If your child will be riding the bus home to an empty house, a cell phone would be extremely useful in the event they cannot get into the house. If you, like many families, no longer have a landline and the child will be home alone for ANY amount of time, a cell phone is absolutely required. If a child will not be alone and will have access to a landline and/or a parent’s cell phone to contact the other parent, then a cell phone may be premature.
So, you’ve decided to purchase a cell phone for the child. Just as there is no requirement to get Johnny a Cadillac when a Honda Civic will do – or even to purchase a car for Johnny at all! – there is no requirement that parents provide the latest version of an iPhone. Parents may select a phone that does not support apps or the internet; instead, a parent may simply opt to provide a phone in case of emergencies. Parents may also opt to purchase a phone with pre-paid minutes, so that the child’s data use is limited.
BUT, parents who are no longer in an intact family should discuss providing a phone to the child before one parent unilaterally provides a phone.
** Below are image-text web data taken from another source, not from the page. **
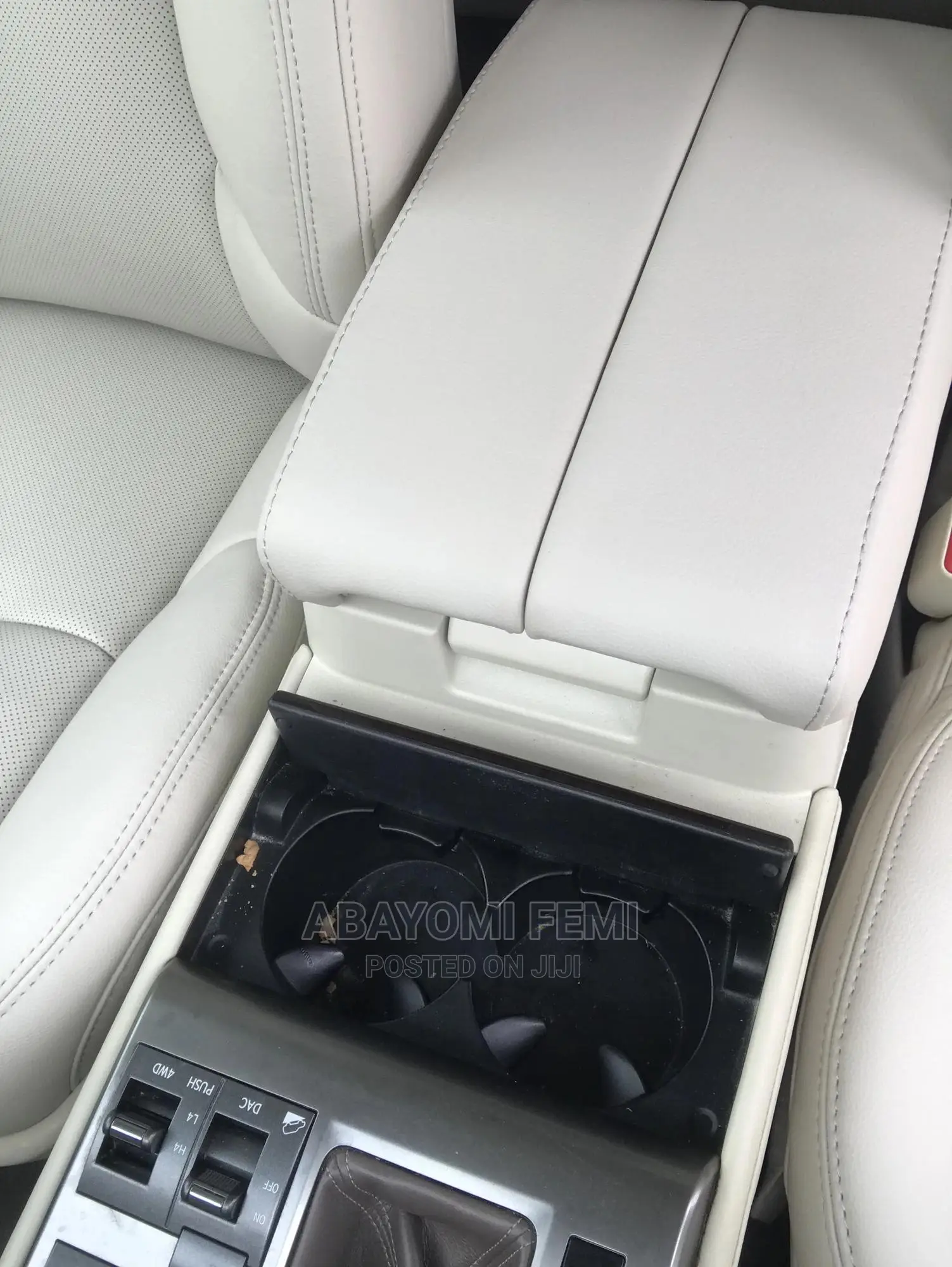 Lexus GX 460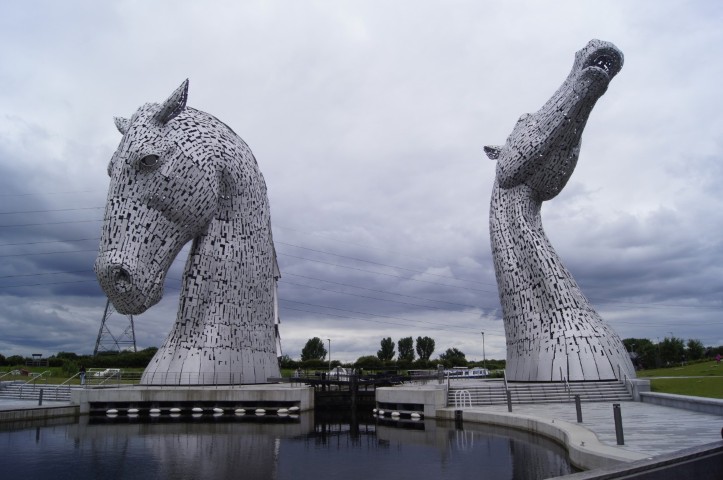 Tales of the Jacobites Tour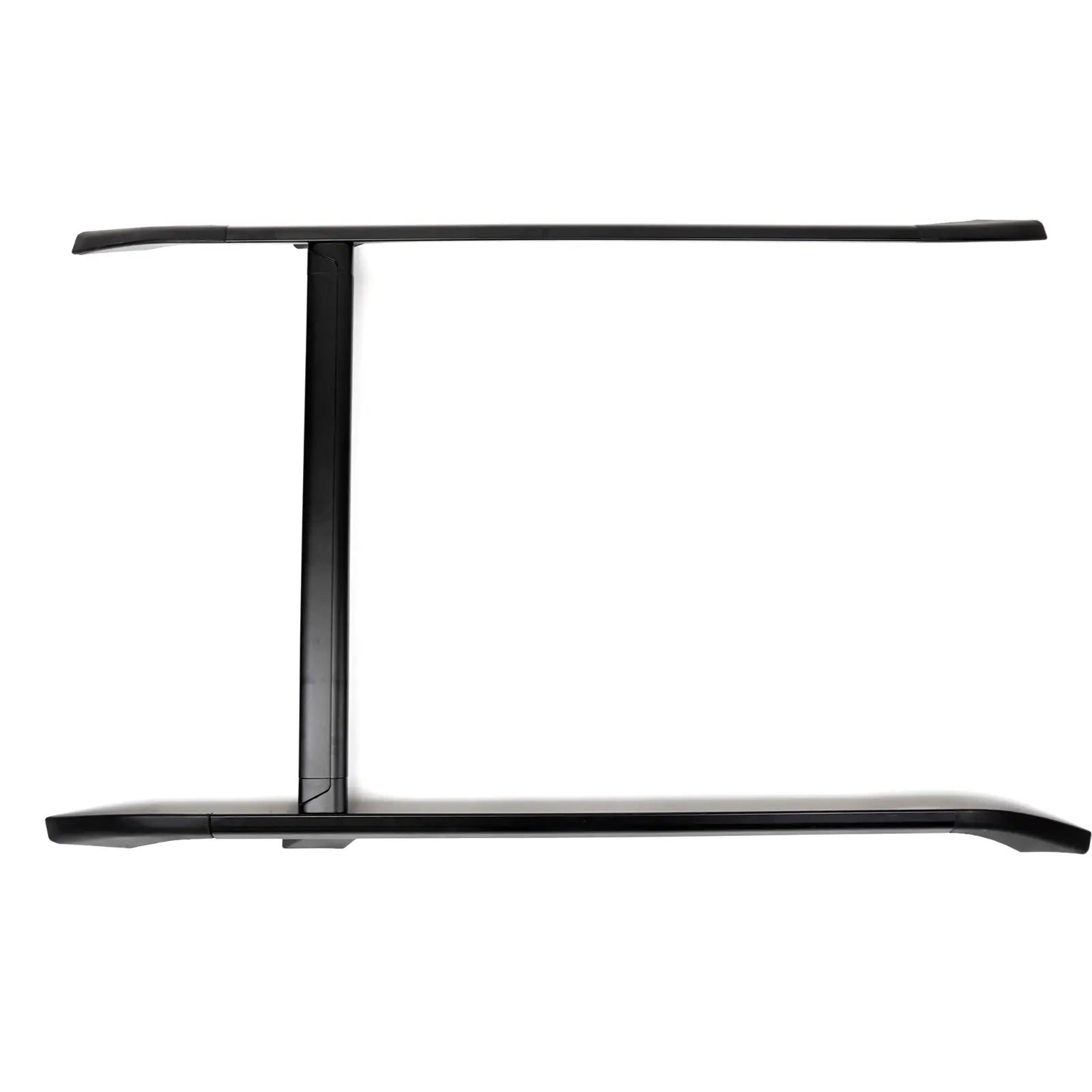 FOR LAND ROVER FREELANDER 2 L359 ROOF RAILS CROSS BAR RACK BLACK OEM STYLE 06-14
Especially if a non-custodial parent provides the phone without discussion and agreement, the custodial parent may, at best, view the phone as an interruption or, at worst, an attempt to monitor the child’s, and possibly the other parent’s whereabouts or communications with the child. Both parents should discuss rules in both parents’ homes such as time when the phone will be off limits each evening, where the phone will be charged (such as a common area and not in the child’s bedroom after hours), and if it is acceptable to take away the child’s phone as punishment.
Ultimately, the best time to allow your child to have a phone is when you and your co-parent both decide it’s time.